Uno dei nodi sarà il ripiegamento delle armi pesanti oltre la gittata prevista, ma i russi potrebbero avanzare la richiesta di un'ampia zona demilitarizzata. «Lo scopo dei nostri colloqui era discutere di un cessate il fuoco, dello scambio di prigionieri e stiamo anche potenzialmente preparando un incontro a livello di leader dei Paesi» ha dichiarato il ministro Umerov. Il suo «opposto» Medinsky si è dimostrato stranamente disponibile: «Abbiamo preso in considerazione questa richiesta».

Le trattative sono appena iniziate, ma se i russi vogliono il riconoscimento dei territori occupati gli ucraini puntano a garanzie di sicurezza europee. Mosca pretende che Kiev non entri nella Nato. Gli ucraini vogliono riarmarsi, ma il Cremlino chiede un parziale disarmo a cominciare dalle forze missilistiche, che non devono essere in grado di colpire il territorio della Federazione russa. Un nodo a parte riguarda la contesa centrale nucleare di Zaporizhzhia, che potrebbe essere affidata agli esperti dell'agenzia atomica dell'Onu o agli americani diventando una specie di zona cuscinetto. Inoltre Kiev chiede i danni di guerra per la ricostruzione e Mosca vuole lo stop alle sanzioni.

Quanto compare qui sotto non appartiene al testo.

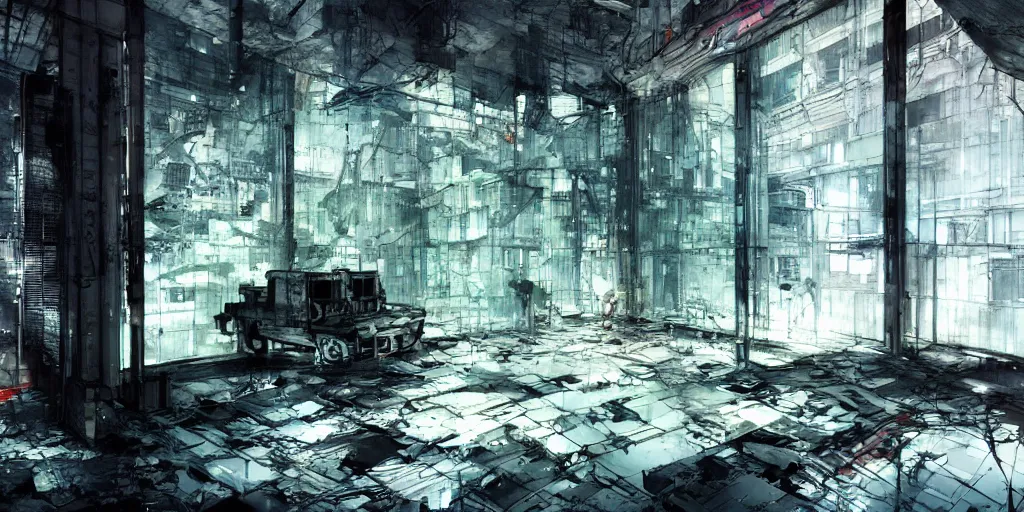 Prompt: abandoned building view from inside by yoji shinkawa, katayama bokuyo, agnes cecile, concept art, vibrant colors, 8 k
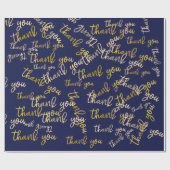 Papier Cadeau Merci Script Sirène Or Mariage Faveur Bleu (Plat)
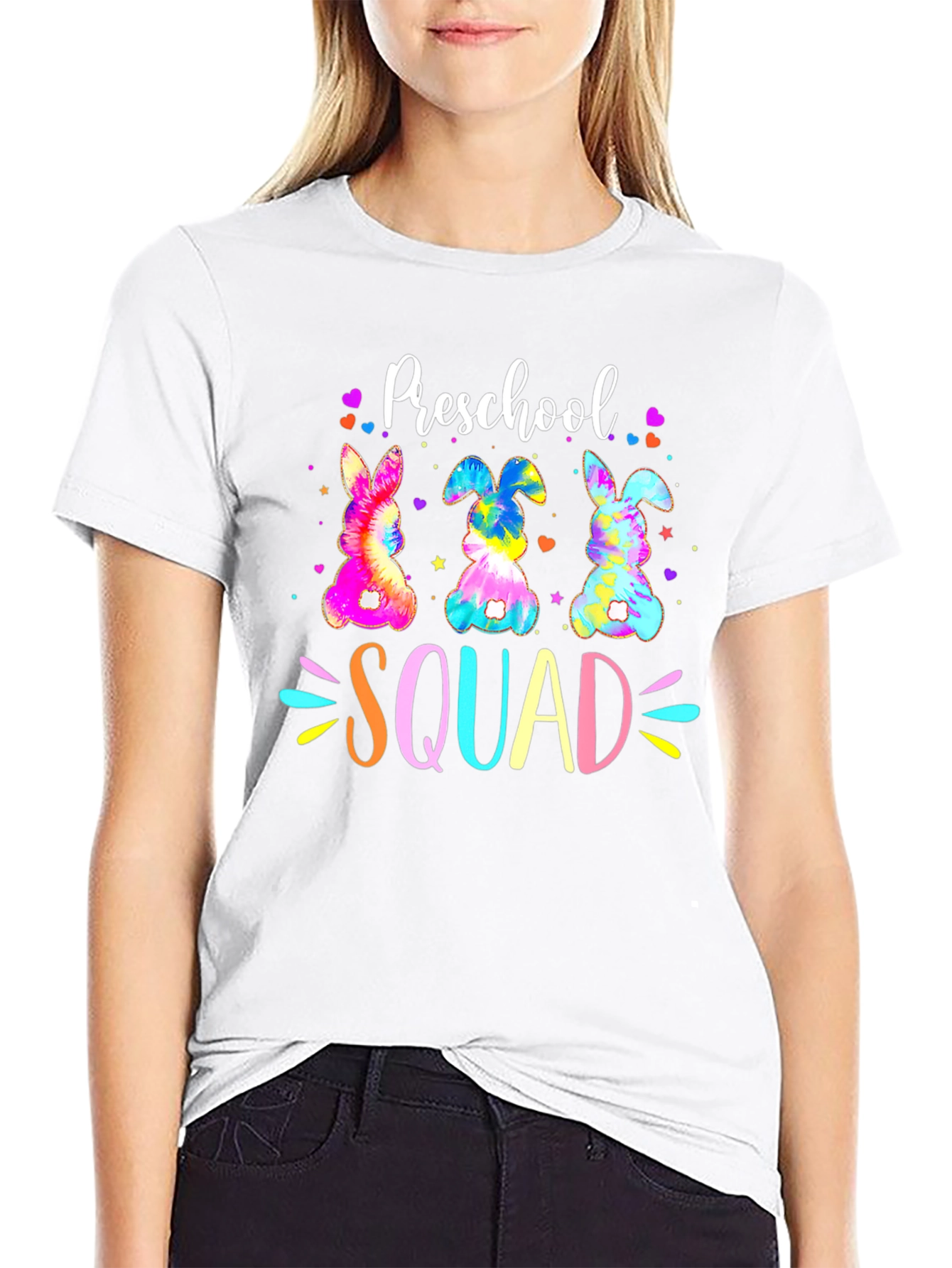 Preschool Squad Easter Bunny Tie-Dye T-Shirt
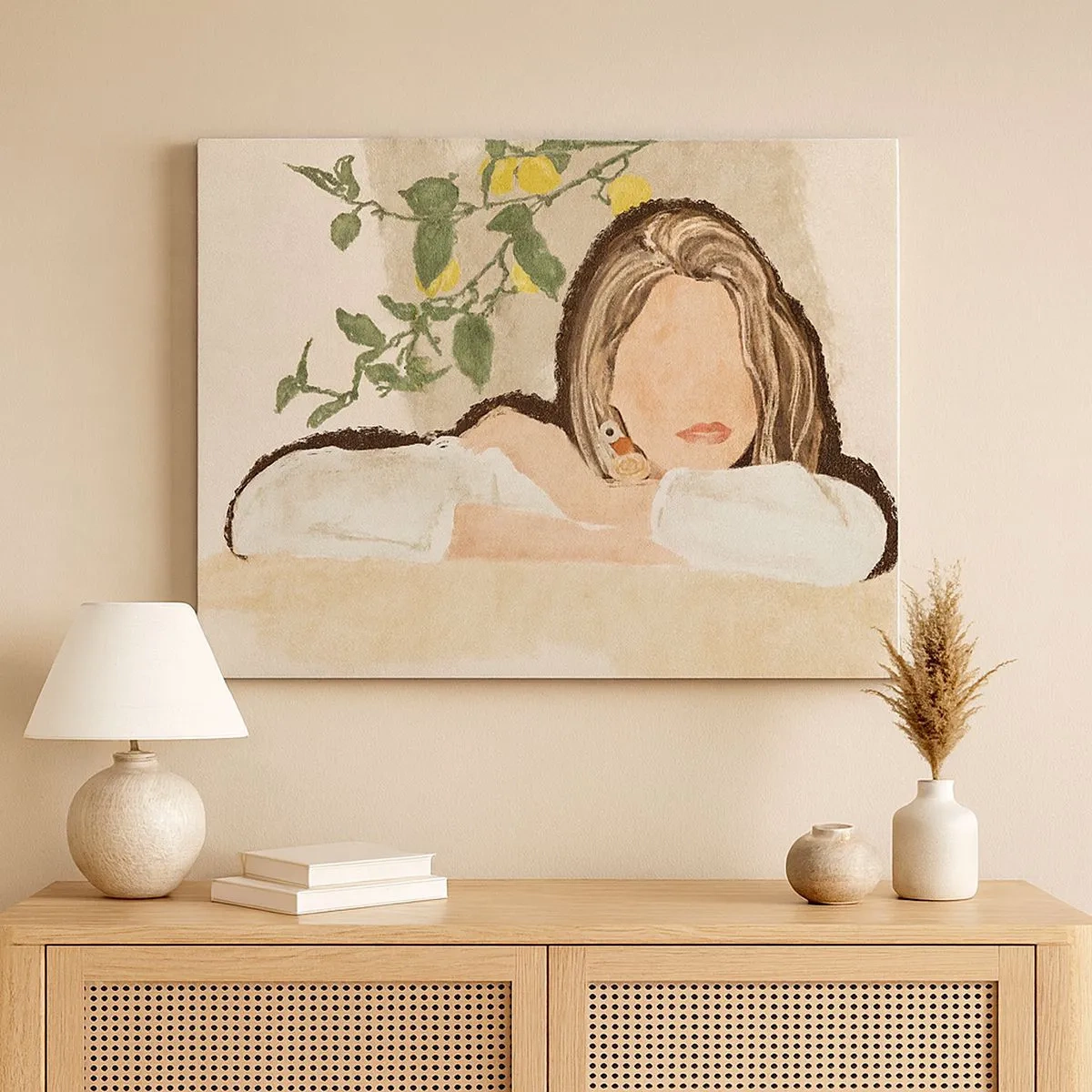 Cuadro sobre lienzo - Impresión de Imagen - La figura de una mujer sobre el fondo de un limonero. - 70x50cm - La belleza del sur - Decoración de pared moderna para salón y dormitorio ARTTOR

Tutti punti ancora da affrontare nel negoziato. Nell'ottica del bicchiere mezzo pieno vanno, però, registrate le dichiarazione distensive e quasi ottimistiche di ambo le parti. Medinsky si è dichiarato «soddisfatto» e pronto «a continuare i contatti» con l'Ucraina. Umerov ribadisce che Kiev «vuole la pace. Siamo in grado di continuare a combattere, ma alla fine dobbiamo chiudere questa guerra».

Più pessimista il

segretario di Stato, Marco Rubio, arrivato a Istanbul con l'ex generale Keith Kellogg. «Non credo che potremo fare progressi - sostiene Rubio - finché il presidente Trump e il presidente Putin non si confronteranno direttamente».